50 days, determinate — The productive 'Siberia' tomato plants produce very early in the season due to its ability to set fruit in cool temperatures where other varieties will not. Reportedly, it is capable of setting fruit down to 38ºF, however, 'Siberia', like any other tomato, is not actually frost hardy. They are bright red, globe shaped, and weigh up to five ounces each.
'Siberia' was discovered by Ron Driskill, a horticulture teacher at the Jack James Secondary School in Calgary, Alberta, Canada, on sale at a local nursery. The nurseryman told him that a woman touring Canada from the Soviet Union in 1975 stopped by the greenhouse and supplied ten seeds. The unidentified woman told them that the variety was being trialed in Siberia at that time.
Mr. Driskill saw its potential and became a big promoter of the variety to Northern gardeners, first giving seeds away in exchange for a self-addressed stamped envelope and ultimately starting a small, family operated seed company appropriately named "The Siberia Seed Company." Each packet contains approximately 20 seeds.

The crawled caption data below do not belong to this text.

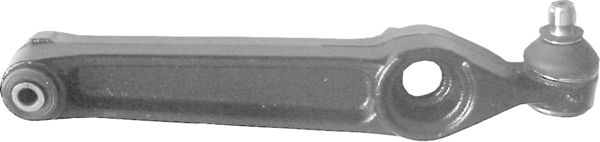 Wahacz, zawieszenie koła HART 422 208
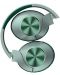 Ασύρματα ακουστικά με μικρόφωνο A4tech - BH300, πράσινο - 3t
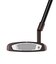 テーラーメイド（TAYLORMADE）スパイダーツアー V TORCHED CN with Single Line パター(ロフト3度)KBS BLACK S…
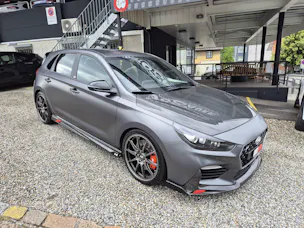 Hyundai i30 N 2.0 T-GDi Project C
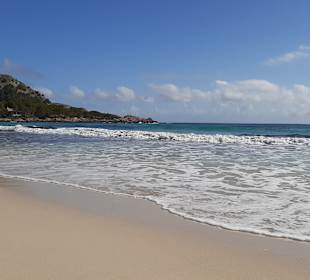 Cala Agulla/ Cala Guya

- "Tomatoes: New varieties may be good in small garden," by Tom Porter, Pittsburgh Post-Gazette, January 12, 1984, page 11.
- "Unusual Gift For Gardeners," Chittenango, New York Bridgeport Times, November 21, 1984, page 11.
This variety, 'Siberia' is not to be confused with the similarly named variety called 'Siberian'. The later, 'Siberian' is a rugose leaf, dwarf-type plant first listed in the 1984 Seed Savers Exchange Yearbook by Will Bonsall who got it from the Edward Lowden Collection in Canada. Edward Lowden was an independent seedsman from Ancaster, Ontario, Canada. It is not known where his seed originated.